Alice’s Rustic Seafood
A charmingly low-key themed restaurant that serves up a continent-hopping menu of seafood, burgers, pastas, pizzas and salads.
Co-owned by Chef Skanda Manibhandu, who graduated from Le Cordon Bleu in Australia, this industrial-style restaurant specializes in locally-sourced seafood cooked in a variety of international flavors. The menu also contains burgers, pastas, pizzas and salads, many served up with subtle Thai twists, in a charmingly low-key setting.
As far as themed restaurants go, Alice’s Rustic Seafood is stylishly subdued. The Wonderland allusions of the name only present themselves in the playful presentation of a few dishes and some decorative touches that do little to clutter the airy, industrial space.
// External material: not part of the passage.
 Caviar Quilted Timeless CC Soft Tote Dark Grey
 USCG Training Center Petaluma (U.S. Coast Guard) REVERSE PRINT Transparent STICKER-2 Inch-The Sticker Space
The menu, a refreshing single-page affair (two-sided, though), is hardly dedicated to seafood, even if locally-sourced seabass, shrimp and shellfish figure prominently. Chef Skanda Manibhandu spent considerable time training and working in Australia, and it shows in the clean, understated setting, and the continent-hopping nature of the food: burgers, pastas, pizzas, salads.
If this also sounds like your ubiquitous, mid-range Thai bistro, you needn’t worry. Better than most, chef Skanda’s dishes let the natural flavors of fresh ingredients shine, as evident in the fish tacos with fennel and apple remoulade (B300) with their large, full chunks of juicy seabass with the crispy skin left on. The sweet remoulade can be balanced out with a few splashes of Thaibasco hot sauce, the result being a simple, light take on a dish that’s often a stodgy mess.
The poached black mussels and smoked eggplant salad (B260) comes with nice big pieces of fennel and mint that blend well with a sweet, nutty dressing that recalls yum tua pu (wingbean salad). There are many Thai touches throughout the menu, but these tend to be subtle rather than showy. The pizza with pork sausage and nam prik ong (B320) basically tastes like one really satisfying spicy sausage pie. Made using a big clay oven that sits in one corner, the pizza’s base is soft and springy yet firm and crunchy, more than making up for the slightly sparse topping. Better yet is the version with portabello mushroom, chili and water mimosa (B360)—spicy and yet oddly refreshing. Like much of the menu, it’s a lighter version of comfort food.
Desserts such as lemon tart with a dense Kit Kat sauce (B120) and Alice’s Garden (B200), an Eton mess made to resemble a fantasy garden with chocolate soil and colorful berries, keep up the light, zesty theme. Craft beers, Raitong Organics Farm’s Ginger Fizz (B100), cocktails starting at B195, and lunch deals (salad, soup, pasta and drink, B290) add to Alice’s Rustic Seafood’s low-key allure. It all deserves a better setting than Ekkamai’s deserted, perpetually halffinished QISS mall.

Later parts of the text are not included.